* **YOUR INSTRUCTIONS**
Once the pictures are set aside, copy the data below exactly as it stands.

Items from a dataset
__________

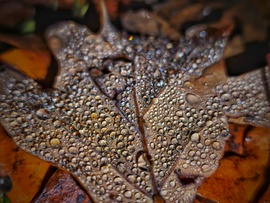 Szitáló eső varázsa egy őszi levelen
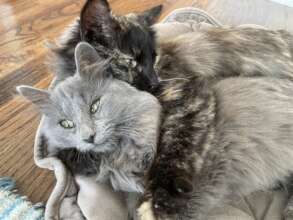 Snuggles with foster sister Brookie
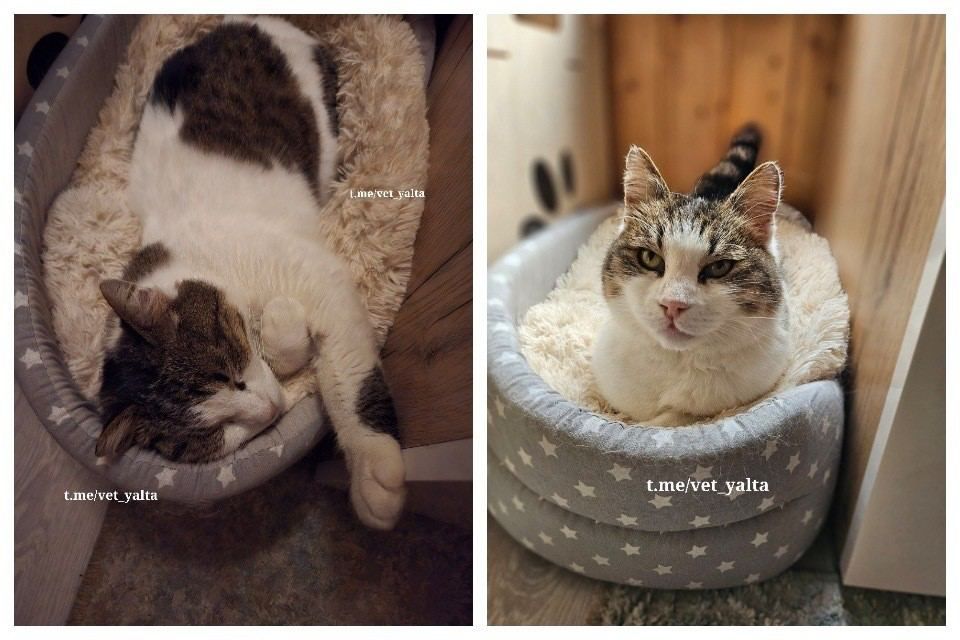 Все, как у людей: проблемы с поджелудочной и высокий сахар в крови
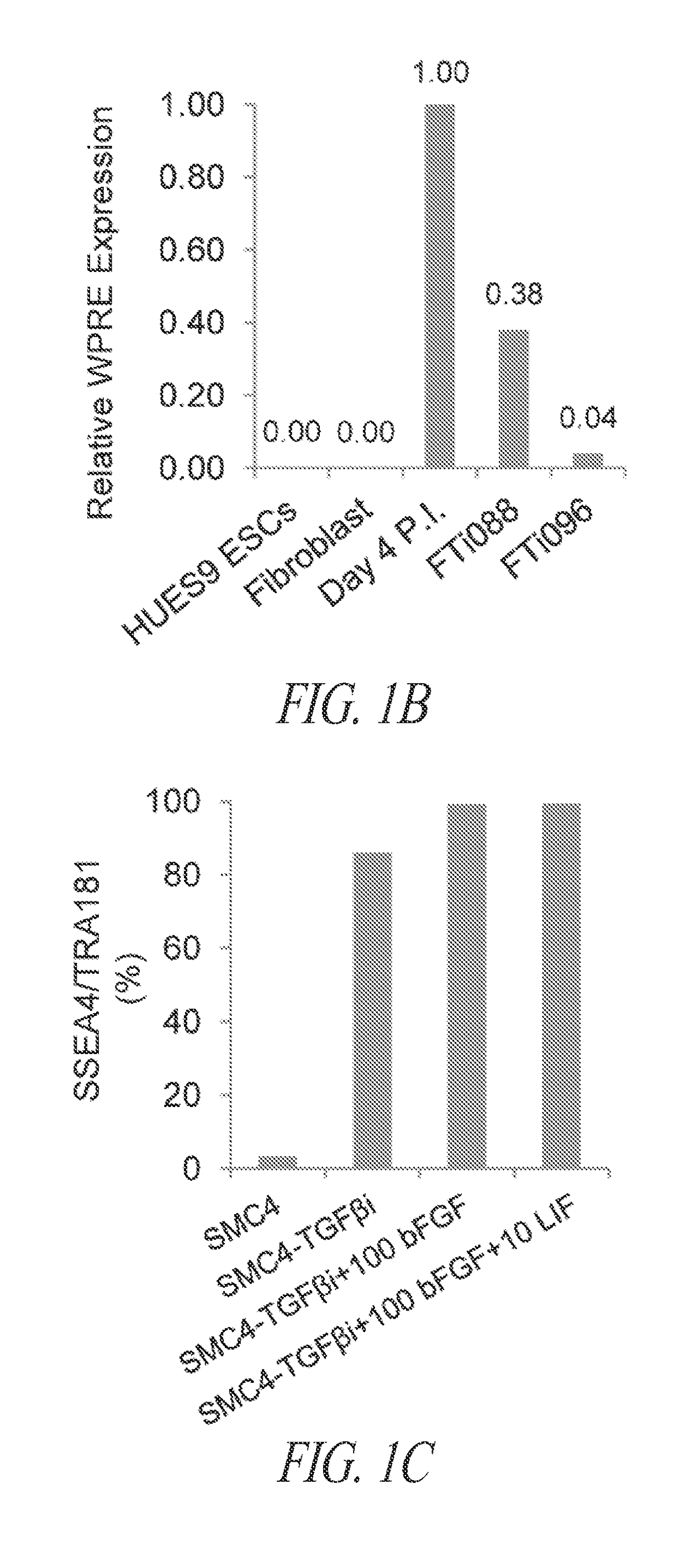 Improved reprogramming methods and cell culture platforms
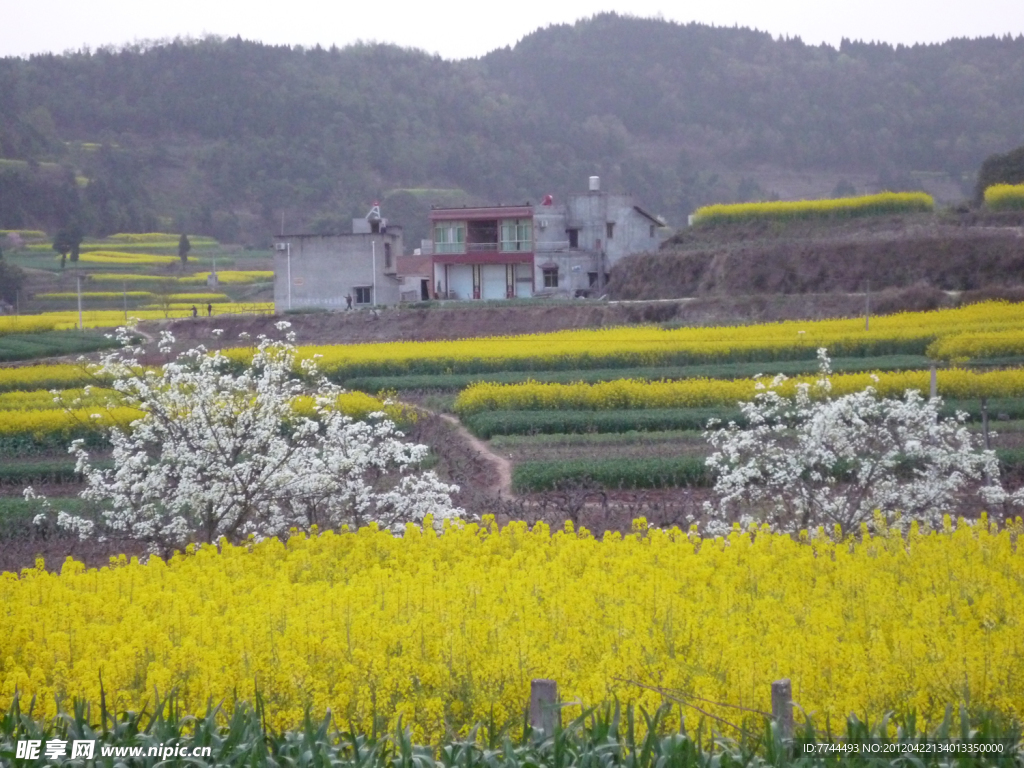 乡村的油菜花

__________

* **TASK OUTPUT**
 Szitáló eső varázsa egy őszi levelen
 Snuggles with foster sister Brookie
 Все, как у людей: проблемы с поджелудочной и высокий сахар в крови
 Improved reprogramming methods and cell culture platforms
 乡村的油菜花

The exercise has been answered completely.